Po pierwszym meczu PSG mogło cieszyć się z jednobramkowej zaliczki. Ta powinna być większa, ale paryżanie nie mieli szczęścia u siebie i tylko błysk Mbappe dał im jedynego gola. Było jasne, że w rewanżu Real będzie musiał od razu atakować, aby tę stratę zniwelować. Pierwsze 15 minut drugiego spotkania wyglądało z perspektywy "Królewskich" całkiem nieźle, ale brakowało konkretów, a później było już tylko gorzej. PSG przy skutecznej obronie i niezwykle szybkich kontrach napędzanych przez Mbappe w końcu dopięli swojego. Francuz wykończył jeden z szybkich kontrataków i paryżanie mieli już dwie bramki przewagi.

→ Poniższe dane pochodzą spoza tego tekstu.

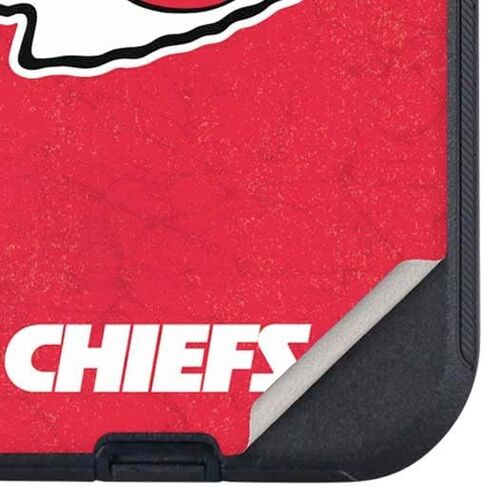 غلاف هاتف Skinit متوافق مع OtterBox Defender iPhone 13 Pro - تصميم مرخص رسميًا من NFL Kansas City Chiefs in Saudi Arabia
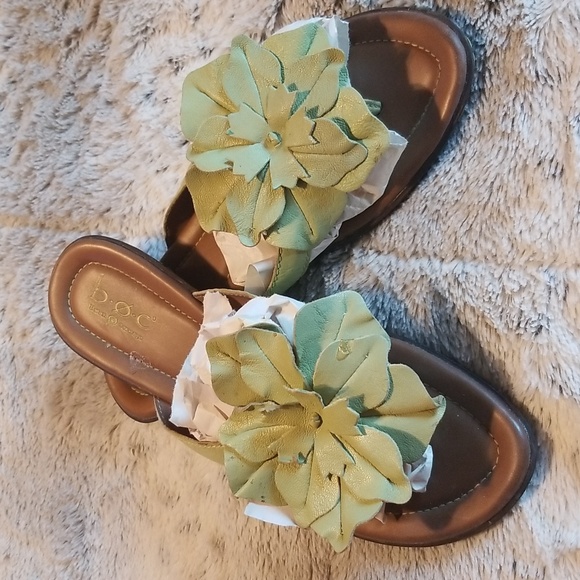 boc Shoes - BOC Sz 9 Green Sandals, GUC,  flowers on toes, suede like feel, short heel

Można było spodziewać się, że PSG, które prezentowało się na przestrzeni dwumeczu dużo lepiej, spokojnie "dowiezie" przewagę. W 60. minucie nastąpił jednak przełom - Donnarumma popełnił błąd i stracił piłkę na rzecz Viniciusa we własnym polu karnym, Brazylijczyk oddał piłkę Benzemie, który pakuje ją do siatki. Od tego momentu PSG przestało grać jak drużyna, która przygniatała Real w pierwszym meczu. "Los Blancos" napędzali się z każdą minutą i kilkanaście minut po pierwszej bramce wyprowadzili dwa zabójcze ciosy. Kolejne indywidualne błędy w obronie w 76. i 78. minucie znów wykorzystał Benzema i mecz ostatecznie zakończył wygraną Realu 3:1 i awansem "Królewskich" do ćwierćfinału.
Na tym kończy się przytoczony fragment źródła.